Let’s break the distribution down into separate density plots for each of the 6 phyla with over 90 genomes:
library(ggplot2)
phyla.subset.names <- names(which(summary(factor(prokaryote.genomes.table.split$Phylum)) > 90))
prokaryote.genomes.table.split.reduced <- prokaryote.genomes.table.split[prokaryote.genomes.table.split$Phylum == phyla.subset.names[1] |
prokaryote.genomes.table.split$Phylum == phyla.subset.names[2] |
prokaryote.genomes.table.split$Phylum == phyla.subset.names[3] |
prokaryote.genomes.table.split$Phylum == phyla.subset.names[4] |
prokaryote.genomes.table.split$Phylum == phyla.subset.names[5] |
prokaryote.genomes.table.split$Phylum == phyla.subset.names[6],]
qplot(data=prokaryote.genomes.table.split.reduced,
x = `Size(Mb)`,
geom = "density",
color = Phylum,
fill = Phylum,
alpha = I(0.2))
We can see that there is considerable variation in the genome size distribution for each phylum. Let’s get a clearer view by using facets to separate out each phylum:
library(ggplot2)
qplot(data=prokaryote.genomes.table.split.reduced,
x = `Size(Mb)`,
geom = "density",
color = Phylum,
fill = Phylum,
facets = Phylum ~ .)
Based upon the separated density plots, it looks as if the genome size varies by phylum. Let’s see how much mean genome size varies by phylum:
- Euryarchaeota = 3.1622121
- FCB group = 4.4686722
- Proteobacteria = 4.4354607
- PVC group = 5.271497
- Spirochaetes = 3.3388135
- Terrabacteria group = 4.4780869
Thus, it appears that phylum-dependent, mean genome size ranges from 3.2 to 5.3 Mb.

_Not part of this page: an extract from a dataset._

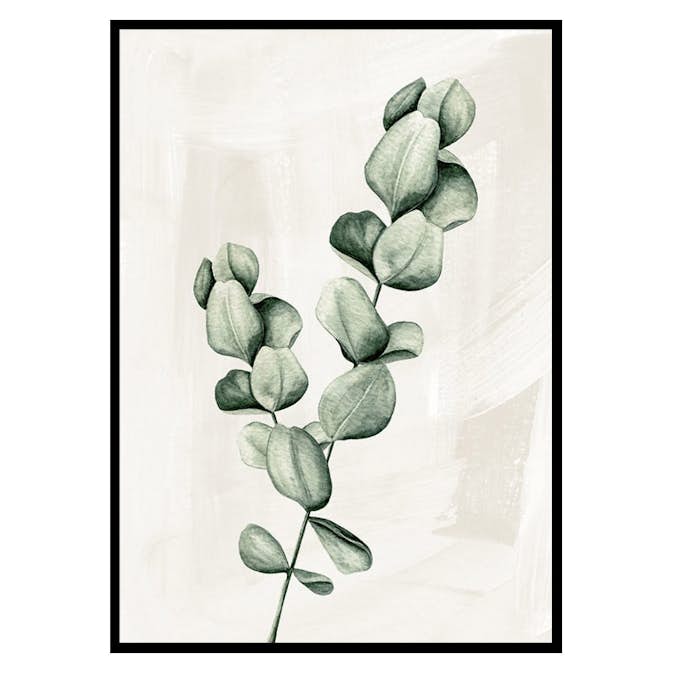 Poster Gallerix Eucalyptus Watercolor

Genome Size Positively Correlates with Number of Coding Sequences
The prokaryotic genomes table from NCBI also indicates the number of coding sequences (CDS) in each genome. By creating a scatterplot of genome size vs. CDS, we may examine the relationship between genome size and number of CDS.
library(ggplot2)
qplot(data = prokaryote.genomes.table.split,
x = `Size(Mb)`,
y = CDS,
color = Domain,
alpha = I(0.2))
Genome size is strongly and positively correlated with the number of CDS in the genome; put another way, larger genomes have more genes. There are outliers, though, and while those with zero CDS values may be attributable to missing CDS annotation, those with higher than expected CDS should be further explored. Archaea appear to follow a trend similar to Bacteria.

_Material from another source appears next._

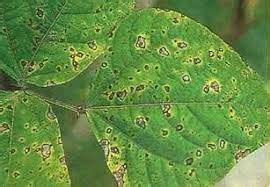 DISEASE MANAGEMENT IN GREEN GRAM – Khethari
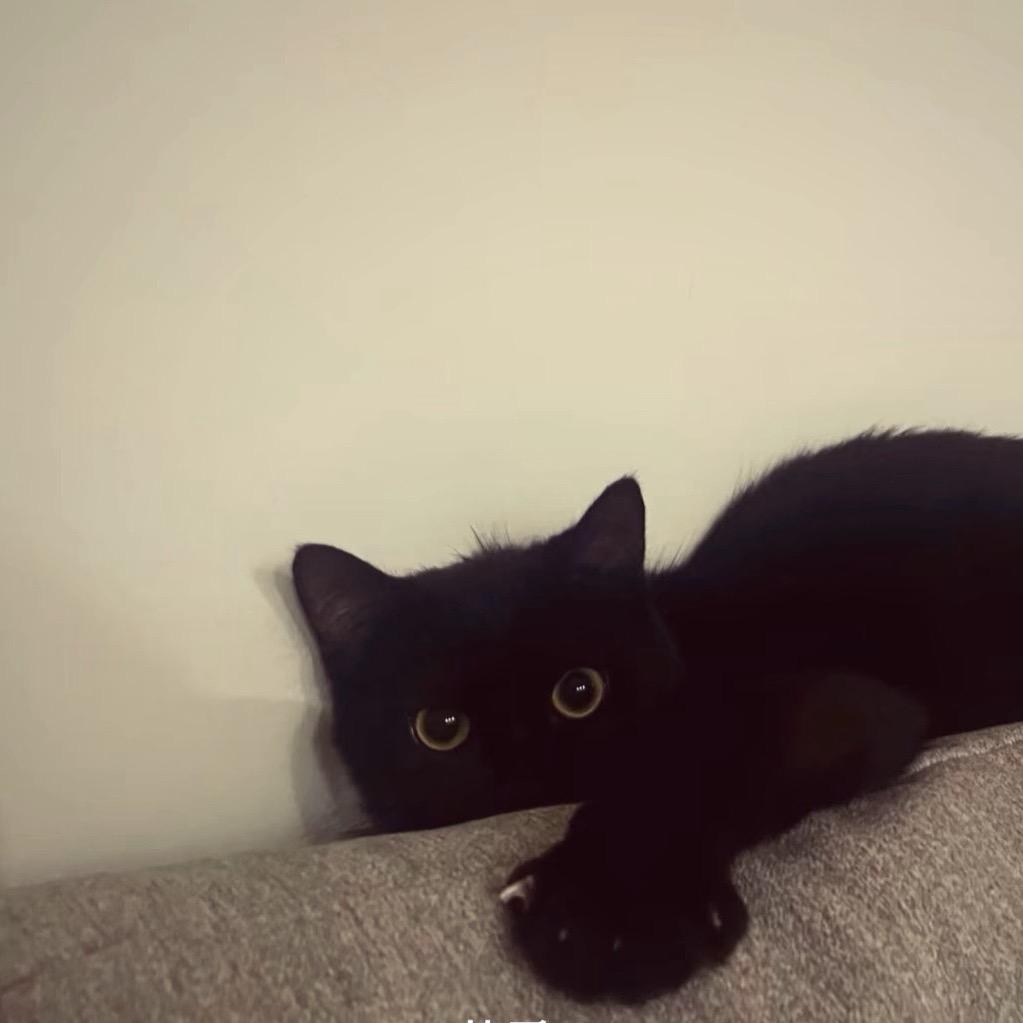 橘猫吃棒冰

Let’s check to see if the outliers are associated with a single finishing level:
library(ggplot2)
qplot(data = prokaryote.genomes.table.split,
x = `Size(Mb)`,
y = CDS,
color = Level,
alpha = I(0.4))
It appears that the outliers with zero CDS are mixed, but most of those with abnormally high CDS for their genome size are labeled as “Chromosome”. In further work, the taxonomic identity of these outliers may be explored.
Conclusion
The genome sizes in this set of 11710 RefSeq representative prokaryotes vary by phylum and span nearly two orders of magnitude from the smallest at 0.185014 Mb to the largest at 16.0407 Mb. The median genome size was determined to be 4.050955 Mb and is a useful approximation that may be used to estimate, for instance, the number of genome equivalents in a given quantity of DNA, or in determining the number of genome equivalents required by a sequencing library preparation, or in determining the number of genome equivalents in the output of a DNA sequencing run.
This webpage was composed using R Markdown, and the Rmd file is available for download and may be viewed as a plain text file or by opening the file within RStudio.